___ DATA SHOWN ___
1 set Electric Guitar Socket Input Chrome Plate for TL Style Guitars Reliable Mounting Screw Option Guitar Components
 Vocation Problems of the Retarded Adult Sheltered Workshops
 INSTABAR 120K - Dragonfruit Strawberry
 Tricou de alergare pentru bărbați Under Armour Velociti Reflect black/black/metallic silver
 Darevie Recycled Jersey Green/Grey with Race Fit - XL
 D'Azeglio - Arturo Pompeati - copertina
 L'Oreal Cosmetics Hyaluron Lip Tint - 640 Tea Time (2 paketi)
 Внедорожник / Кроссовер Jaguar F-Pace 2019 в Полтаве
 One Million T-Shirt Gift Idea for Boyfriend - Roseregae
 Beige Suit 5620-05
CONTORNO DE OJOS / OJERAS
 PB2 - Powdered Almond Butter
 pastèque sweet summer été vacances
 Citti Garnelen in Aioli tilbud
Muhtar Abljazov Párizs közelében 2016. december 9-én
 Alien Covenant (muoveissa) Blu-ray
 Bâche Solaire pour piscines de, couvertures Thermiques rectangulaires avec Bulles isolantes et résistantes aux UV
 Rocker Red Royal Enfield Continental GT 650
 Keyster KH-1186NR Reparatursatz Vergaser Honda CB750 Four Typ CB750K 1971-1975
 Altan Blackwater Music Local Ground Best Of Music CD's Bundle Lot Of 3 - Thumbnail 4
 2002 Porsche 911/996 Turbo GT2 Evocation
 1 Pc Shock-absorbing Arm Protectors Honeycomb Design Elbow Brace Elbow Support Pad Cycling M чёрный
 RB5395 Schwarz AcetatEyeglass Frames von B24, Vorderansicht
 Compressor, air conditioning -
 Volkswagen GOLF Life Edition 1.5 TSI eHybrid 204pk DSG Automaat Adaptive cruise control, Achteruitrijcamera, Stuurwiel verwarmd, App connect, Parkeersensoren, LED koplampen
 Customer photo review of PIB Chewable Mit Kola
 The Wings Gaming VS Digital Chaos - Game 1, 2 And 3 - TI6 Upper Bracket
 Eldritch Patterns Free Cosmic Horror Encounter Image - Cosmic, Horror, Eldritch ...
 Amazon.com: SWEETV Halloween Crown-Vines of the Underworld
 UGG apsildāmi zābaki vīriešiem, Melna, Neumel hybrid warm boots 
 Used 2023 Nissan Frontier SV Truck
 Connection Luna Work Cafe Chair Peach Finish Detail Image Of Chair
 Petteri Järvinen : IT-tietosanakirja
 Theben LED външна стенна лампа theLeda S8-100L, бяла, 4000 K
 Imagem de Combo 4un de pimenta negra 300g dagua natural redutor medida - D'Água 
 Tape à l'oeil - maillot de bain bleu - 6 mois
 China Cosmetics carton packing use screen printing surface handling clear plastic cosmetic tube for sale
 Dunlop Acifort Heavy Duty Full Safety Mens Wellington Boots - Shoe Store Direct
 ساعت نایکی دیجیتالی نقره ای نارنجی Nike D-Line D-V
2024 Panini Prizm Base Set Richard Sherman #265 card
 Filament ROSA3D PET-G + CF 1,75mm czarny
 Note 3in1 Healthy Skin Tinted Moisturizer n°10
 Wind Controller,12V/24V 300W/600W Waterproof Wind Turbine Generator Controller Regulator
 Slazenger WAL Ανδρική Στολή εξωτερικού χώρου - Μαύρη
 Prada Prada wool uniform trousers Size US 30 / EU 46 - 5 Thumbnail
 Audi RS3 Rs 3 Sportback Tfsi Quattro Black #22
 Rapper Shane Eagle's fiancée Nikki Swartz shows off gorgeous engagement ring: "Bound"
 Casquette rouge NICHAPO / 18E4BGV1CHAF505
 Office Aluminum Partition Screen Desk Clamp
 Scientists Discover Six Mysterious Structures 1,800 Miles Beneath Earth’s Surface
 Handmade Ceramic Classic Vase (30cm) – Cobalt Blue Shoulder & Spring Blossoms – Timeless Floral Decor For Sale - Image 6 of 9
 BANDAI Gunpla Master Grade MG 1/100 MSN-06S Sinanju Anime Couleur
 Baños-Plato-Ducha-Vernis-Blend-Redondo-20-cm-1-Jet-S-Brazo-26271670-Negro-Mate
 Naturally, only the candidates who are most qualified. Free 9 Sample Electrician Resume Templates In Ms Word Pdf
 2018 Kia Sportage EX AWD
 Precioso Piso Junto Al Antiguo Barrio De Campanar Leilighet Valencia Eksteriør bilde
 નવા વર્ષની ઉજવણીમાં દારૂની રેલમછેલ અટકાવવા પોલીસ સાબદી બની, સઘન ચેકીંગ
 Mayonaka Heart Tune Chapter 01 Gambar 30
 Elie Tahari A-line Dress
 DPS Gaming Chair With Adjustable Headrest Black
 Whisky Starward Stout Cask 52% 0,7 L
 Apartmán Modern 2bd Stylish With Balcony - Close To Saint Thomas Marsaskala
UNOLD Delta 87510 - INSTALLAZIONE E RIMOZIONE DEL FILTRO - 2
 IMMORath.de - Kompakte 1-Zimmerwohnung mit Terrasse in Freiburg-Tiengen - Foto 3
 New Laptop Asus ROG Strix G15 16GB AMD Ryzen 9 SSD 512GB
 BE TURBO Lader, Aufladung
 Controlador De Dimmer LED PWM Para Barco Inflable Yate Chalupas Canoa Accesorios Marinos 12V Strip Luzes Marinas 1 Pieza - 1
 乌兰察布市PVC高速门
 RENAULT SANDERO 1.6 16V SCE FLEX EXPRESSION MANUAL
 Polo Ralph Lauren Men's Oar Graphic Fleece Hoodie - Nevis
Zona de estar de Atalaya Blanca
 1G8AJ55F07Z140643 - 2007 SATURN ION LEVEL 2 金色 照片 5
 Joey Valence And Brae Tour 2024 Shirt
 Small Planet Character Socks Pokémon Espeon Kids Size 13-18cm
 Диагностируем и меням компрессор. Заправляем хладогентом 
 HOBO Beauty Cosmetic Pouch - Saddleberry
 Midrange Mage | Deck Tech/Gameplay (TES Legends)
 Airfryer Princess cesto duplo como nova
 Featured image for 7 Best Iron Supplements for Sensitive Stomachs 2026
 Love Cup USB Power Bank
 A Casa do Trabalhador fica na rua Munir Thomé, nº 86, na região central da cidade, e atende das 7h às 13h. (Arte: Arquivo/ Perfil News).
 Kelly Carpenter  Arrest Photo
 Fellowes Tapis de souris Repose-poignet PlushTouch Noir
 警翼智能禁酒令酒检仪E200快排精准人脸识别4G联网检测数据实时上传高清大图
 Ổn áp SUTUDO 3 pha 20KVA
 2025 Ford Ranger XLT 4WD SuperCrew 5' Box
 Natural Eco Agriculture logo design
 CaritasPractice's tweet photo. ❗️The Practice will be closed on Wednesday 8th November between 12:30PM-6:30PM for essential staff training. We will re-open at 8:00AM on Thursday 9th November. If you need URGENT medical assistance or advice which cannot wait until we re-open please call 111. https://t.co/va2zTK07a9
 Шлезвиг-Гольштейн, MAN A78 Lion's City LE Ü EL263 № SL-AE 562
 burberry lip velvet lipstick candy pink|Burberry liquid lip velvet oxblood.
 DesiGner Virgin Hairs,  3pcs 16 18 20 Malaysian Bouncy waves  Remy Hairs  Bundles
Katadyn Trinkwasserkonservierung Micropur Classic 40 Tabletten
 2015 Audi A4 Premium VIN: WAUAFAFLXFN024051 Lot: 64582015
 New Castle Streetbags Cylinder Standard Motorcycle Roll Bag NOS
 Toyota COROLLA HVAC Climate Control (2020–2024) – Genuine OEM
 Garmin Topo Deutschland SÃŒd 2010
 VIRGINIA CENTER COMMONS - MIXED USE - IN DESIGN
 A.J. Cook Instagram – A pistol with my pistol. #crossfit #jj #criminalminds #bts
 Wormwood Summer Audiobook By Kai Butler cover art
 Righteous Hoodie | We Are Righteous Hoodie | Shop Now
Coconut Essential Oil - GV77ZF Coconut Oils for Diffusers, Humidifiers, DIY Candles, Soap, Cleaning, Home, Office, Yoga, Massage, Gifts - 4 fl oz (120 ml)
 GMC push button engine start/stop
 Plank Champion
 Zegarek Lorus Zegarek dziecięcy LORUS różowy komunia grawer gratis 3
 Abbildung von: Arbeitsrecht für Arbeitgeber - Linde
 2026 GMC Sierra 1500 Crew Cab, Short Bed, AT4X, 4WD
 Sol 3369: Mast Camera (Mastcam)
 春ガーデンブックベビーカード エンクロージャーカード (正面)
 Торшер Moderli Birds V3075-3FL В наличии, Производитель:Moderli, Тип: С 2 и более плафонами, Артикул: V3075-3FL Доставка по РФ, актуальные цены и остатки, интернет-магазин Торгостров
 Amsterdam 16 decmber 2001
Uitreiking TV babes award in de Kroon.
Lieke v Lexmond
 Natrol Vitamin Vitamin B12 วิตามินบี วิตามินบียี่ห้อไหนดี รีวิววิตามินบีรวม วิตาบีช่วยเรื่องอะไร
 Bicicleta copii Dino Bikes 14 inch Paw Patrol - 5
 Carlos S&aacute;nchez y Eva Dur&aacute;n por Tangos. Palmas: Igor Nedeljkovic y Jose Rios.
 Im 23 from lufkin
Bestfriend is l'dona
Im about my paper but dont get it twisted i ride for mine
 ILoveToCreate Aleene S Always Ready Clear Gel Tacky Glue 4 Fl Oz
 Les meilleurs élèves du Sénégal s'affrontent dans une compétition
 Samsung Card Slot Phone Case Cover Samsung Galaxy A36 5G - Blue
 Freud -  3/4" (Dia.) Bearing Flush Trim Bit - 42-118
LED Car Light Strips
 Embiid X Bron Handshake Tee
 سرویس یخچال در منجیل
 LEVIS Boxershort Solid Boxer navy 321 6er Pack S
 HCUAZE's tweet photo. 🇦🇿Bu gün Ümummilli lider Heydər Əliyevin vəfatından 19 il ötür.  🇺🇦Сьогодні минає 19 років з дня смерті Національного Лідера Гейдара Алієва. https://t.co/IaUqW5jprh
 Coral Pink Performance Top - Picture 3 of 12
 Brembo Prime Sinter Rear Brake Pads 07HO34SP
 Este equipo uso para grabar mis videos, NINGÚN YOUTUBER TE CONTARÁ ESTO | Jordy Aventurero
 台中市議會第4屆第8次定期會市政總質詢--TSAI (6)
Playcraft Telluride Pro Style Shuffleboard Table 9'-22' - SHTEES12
___
DIRECTIONS -
Go to the line with "Este equipo uso" and set down that line and every line after it, through the end of the material above, word for word.

EXERCISE ANSWER -
 Este equipo uso para grabar mis videos, NINGÚN YOUTUBER TE CONTARÁ ESTO | Jordy Aventurero
 台中市議會第4屆第8次定期會市政總質詢--TSAI (6)
Playcraft Telluride Pro Style Shuffleboard Table 9'-22' - SHTEES12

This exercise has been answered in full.